Manda had its time in history, between the 9th and 10th century, as a wealthy trading centre with the Persian Gulf. Dhows sailed away full of elephant ivory, mangrove poles and more. Even the Chinese were trading here.
With the wealth came the fine living. Swahili merchants built lavish houses which, according to historian-archaeologist Neville Chittick, were built of square brick and stone and cemented with lime – unique to Kenya’s coastal lands and islands. The coral rag bricks are thought to have been ballast brought on dhow from Oman because they measure a uniform 18 cm.
But sometime during the 19th century, the island was abandoned because it ran out of fresh water.
“There was no permanent settlement on the island,” says Abu Bakar, a Bajuni fisher who farms here. “We settled on Shella but our farms were here.”
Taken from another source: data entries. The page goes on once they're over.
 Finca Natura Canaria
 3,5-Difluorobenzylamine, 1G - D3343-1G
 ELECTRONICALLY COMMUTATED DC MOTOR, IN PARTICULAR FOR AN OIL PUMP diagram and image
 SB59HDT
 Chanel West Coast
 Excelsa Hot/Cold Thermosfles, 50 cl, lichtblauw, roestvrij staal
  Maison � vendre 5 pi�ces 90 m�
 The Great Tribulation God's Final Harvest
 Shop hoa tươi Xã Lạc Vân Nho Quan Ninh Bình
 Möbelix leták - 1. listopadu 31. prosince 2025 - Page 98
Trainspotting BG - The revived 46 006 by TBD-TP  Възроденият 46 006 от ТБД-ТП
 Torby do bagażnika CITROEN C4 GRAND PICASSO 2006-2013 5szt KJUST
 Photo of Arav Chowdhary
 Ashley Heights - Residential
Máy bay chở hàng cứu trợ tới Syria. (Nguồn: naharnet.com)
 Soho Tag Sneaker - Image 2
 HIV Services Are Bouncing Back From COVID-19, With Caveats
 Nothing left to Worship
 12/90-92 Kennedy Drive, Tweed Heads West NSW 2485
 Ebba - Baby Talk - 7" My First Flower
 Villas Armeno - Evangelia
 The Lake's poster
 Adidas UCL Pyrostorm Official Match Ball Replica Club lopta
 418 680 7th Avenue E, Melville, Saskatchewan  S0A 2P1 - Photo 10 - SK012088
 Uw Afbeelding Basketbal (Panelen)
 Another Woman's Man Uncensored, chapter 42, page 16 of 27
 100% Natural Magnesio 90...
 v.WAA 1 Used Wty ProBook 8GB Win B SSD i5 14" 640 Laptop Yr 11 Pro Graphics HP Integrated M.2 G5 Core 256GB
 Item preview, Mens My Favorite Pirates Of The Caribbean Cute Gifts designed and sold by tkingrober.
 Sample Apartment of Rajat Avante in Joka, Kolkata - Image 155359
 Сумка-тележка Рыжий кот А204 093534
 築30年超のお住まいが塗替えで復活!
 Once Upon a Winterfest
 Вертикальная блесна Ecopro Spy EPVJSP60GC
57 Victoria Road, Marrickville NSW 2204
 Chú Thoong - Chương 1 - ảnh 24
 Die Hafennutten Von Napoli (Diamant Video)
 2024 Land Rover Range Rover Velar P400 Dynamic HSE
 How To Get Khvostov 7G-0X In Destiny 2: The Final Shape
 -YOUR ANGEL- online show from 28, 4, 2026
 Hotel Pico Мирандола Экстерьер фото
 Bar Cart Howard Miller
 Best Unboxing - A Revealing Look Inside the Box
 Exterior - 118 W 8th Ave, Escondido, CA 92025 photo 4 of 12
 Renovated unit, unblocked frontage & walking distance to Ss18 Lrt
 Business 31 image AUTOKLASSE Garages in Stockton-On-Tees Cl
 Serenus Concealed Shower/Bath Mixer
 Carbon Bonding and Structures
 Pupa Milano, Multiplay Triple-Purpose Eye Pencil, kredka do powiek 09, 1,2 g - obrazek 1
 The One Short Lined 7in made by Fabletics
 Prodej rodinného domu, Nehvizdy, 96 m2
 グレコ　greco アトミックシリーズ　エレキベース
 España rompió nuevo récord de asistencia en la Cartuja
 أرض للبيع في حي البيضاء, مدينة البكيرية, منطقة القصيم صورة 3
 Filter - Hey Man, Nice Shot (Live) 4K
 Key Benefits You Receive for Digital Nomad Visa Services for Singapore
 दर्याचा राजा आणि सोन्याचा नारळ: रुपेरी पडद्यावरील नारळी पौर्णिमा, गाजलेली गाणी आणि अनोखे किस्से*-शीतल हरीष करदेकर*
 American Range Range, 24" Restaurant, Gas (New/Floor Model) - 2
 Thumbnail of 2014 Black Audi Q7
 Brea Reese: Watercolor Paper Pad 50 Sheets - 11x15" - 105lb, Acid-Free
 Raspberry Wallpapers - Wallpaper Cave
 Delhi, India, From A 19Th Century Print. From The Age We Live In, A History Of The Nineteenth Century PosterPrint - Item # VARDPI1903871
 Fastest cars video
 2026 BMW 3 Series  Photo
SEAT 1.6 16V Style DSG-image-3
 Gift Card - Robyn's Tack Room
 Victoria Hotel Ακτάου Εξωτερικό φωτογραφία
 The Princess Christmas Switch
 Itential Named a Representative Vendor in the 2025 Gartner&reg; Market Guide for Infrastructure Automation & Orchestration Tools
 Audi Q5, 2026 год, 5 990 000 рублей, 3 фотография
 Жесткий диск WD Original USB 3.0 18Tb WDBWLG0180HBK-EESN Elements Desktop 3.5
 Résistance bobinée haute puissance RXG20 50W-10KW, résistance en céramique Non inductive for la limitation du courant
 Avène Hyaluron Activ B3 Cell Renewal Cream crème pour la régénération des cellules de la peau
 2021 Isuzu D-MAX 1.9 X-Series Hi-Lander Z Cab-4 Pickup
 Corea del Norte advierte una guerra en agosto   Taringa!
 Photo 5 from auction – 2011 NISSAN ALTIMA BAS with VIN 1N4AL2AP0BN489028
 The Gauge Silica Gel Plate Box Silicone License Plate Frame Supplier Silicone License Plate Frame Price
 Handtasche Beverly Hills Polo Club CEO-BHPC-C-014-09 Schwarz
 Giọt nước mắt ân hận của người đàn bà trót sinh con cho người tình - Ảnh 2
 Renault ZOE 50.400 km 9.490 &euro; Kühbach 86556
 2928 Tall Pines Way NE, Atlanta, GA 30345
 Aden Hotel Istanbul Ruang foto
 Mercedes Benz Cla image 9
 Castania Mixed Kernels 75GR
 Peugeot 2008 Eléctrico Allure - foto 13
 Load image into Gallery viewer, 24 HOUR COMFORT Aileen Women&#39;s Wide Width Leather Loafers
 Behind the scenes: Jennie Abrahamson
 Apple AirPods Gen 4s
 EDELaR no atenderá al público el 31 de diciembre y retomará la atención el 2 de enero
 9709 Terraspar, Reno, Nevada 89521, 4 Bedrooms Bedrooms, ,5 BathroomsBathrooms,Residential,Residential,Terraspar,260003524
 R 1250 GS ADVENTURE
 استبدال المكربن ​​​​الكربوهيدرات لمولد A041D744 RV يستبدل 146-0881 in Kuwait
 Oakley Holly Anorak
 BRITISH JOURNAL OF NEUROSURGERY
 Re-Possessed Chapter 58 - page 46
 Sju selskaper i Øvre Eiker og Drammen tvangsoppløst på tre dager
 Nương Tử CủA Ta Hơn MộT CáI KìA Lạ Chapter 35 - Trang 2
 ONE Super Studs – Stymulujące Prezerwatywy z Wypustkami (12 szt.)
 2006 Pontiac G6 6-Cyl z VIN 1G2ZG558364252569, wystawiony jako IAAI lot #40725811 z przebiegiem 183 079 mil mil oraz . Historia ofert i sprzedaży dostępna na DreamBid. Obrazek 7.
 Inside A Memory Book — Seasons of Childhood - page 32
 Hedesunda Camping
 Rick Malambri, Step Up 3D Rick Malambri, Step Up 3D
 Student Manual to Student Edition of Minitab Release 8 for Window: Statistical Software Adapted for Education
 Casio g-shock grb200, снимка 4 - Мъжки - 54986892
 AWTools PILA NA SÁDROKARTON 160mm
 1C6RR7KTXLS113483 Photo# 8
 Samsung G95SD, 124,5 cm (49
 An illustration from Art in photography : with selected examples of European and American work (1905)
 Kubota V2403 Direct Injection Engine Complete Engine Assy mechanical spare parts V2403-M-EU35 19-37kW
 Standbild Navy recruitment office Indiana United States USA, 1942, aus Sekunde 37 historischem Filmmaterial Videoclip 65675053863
It’s a different story now. Multi-million dollar villas line the beachfront, interspersed with a few groves of acacia and bush. In the eventide, the fishers make to their abode. A lone fisher by the edge of the ocean puts down his woven basket with the day’s catch and quietly kneels, facing Mecca and oblivious to the world, saying his prayers as the sunk sinks over the dunes.
“People who come to stay here want to stay in a hut to experience the beach life,” continues Fesler as we feast on fresh crab and pizza.
“Why Diamonds?” I ask.
“Look out there,” she replies. It’s a night sky full of sparkling stars, like diamonds in the sky.
The night water glows with the phosphorescence of miniscule planktons that absorb sunlight during the day.
The night passes and at the crack of dawn we walk the beach to the abandoned fort on the coral rag. It’s tiny, with a rusty cannon pointing at the channel and another lying inside. There’s nothing to tell about built it and when; no story to reveal the battles fought.
The tide is out and the stroll back hot until we pause at a natural pool by a coral rock that’s perfect to call a spa.